(Stored items)
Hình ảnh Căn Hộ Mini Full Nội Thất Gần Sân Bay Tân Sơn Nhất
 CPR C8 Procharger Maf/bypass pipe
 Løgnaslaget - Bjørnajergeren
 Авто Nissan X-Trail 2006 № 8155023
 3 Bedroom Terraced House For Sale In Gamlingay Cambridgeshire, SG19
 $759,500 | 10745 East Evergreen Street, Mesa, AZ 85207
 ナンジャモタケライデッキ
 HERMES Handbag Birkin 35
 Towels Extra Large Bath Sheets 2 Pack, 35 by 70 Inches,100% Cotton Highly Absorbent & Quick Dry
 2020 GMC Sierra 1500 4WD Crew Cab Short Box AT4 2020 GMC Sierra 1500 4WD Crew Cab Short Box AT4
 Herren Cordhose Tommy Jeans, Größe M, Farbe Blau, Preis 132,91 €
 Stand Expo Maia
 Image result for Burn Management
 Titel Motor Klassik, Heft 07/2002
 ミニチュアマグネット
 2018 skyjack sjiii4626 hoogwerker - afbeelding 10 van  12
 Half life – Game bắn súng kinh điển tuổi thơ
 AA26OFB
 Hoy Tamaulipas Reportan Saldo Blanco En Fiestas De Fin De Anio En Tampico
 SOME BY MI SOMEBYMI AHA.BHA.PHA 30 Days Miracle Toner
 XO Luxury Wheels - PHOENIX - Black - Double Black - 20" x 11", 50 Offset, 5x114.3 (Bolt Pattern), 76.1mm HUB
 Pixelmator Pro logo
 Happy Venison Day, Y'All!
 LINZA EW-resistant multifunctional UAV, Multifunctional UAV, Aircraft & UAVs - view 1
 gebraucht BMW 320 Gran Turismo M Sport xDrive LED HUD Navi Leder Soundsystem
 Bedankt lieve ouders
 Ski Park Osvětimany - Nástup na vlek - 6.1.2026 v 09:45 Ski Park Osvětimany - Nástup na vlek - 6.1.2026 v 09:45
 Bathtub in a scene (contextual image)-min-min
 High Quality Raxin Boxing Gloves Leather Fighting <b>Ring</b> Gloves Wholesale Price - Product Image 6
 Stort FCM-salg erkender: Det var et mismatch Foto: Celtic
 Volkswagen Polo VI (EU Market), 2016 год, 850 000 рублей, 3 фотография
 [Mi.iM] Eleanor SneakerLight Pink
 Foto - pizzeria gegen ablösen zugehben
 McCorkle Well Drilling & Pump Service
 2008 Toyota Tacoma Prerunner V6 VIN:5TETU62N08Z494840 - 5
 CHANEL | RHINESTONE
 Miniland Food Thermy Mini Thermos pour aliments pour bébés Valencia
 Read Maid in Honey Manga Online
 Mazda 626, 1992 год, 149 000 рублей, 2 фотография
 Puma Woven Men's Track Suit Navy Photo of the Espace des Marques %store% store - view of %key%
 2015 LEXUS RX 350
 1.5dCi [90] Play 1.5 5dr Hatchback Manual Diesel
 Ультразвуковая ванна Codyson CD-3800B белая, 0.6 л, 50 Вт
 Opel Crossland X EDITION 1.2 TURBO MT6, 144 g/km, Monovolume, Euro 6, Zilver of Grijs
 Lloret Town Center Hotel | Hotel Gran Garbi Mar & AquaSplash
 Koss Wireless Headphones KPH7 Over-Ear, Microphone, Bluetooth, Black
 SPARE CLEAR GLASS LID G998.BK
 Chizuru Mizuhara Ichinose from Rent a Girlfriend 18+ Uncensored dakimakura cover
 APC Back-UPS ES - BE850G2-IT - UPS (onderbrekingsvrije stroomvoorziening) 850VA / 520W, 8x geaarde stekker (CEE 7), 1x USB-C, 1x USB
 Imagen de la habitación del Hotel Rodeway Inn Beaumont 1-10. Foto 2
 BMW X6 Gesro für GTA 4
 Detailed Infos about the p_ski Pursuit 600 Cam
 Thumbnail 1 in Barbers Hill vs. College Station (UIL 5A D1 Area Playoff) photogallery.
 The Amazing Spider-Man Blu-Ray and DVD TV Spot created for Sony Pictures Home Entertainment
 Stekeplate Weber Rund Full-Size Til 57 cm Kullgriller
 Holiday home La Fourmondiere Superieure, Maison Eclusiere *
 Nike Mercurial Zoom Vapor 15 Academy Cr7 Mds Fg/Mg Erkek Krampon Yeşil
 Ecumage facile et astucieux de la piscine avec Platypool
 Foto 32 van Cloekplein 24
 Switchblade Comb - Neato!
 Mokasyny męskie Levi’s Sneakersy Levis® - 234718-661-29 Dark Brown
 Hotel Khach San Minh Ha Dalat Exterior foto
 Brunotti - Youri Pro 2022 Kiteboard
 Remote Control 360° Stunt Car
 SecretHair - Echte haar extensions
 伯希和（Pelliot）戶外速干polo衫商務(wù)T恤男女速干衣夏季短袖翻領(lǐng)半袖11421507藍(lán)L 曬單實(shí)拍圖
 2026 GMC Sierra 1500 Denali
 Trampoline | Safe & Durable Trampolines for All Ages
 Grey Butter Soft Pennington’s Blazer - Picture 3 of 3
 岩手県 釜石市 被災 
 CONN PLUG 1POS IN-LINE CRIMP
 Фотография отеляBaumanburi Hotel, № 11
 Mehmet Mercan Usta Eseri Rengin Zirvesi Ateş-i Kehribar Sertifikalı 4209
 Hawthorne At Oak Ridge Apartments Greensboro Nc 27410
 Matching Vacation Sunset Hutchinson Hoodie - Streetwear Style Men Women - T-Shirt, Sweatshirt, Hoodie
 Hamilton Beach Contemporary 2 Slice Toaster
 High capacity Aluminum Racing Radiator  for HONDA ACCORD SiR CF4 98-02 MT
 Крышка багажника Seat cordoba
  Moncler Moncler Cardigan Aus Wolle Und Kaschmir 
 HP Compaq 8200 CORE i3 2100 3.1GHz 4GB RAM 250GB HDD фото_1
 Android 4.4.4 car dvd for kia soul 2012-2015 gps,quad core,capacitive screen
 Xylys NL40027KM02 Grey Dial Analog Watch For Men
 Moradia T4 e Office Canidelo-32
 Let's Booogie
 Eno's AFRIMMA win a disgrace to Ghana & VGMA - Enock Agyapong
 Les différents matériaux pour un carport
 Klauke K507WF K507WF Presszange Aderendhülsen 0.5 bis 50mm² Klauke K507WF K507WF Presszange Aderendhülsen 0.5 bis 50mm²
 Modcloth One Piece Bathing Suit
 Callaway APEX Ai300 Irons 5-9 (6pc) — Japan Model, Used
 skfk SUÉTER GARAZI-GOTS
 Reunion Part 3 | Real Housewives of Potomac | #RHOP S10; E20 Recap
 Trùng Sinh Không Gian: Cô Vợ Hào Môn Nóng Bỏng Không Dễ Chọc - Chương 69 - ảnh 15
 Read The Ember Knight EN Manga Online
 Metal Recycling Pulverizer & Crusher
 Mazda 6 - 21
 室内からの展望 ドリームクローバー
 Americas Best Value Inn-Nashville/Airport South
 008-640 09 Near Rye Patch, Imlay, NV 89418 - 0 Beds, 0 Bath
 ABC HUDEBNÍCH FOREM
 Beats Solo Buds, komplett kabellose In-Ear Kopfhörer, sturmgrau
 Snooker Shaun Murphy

→ INSTRUCTIONS TO FOLLOW: Search the data for the string "Sierra" and copy each line where it appears.

→ RESPONSE TO THE TASK:
 2020 GMC Sierra 1500 4WD Crew Cab Short Box AT4 2020 GMC Sierra 1500 4WD Crew Cab Short Box AT4
 2026 GMC Sierra 1500 Denali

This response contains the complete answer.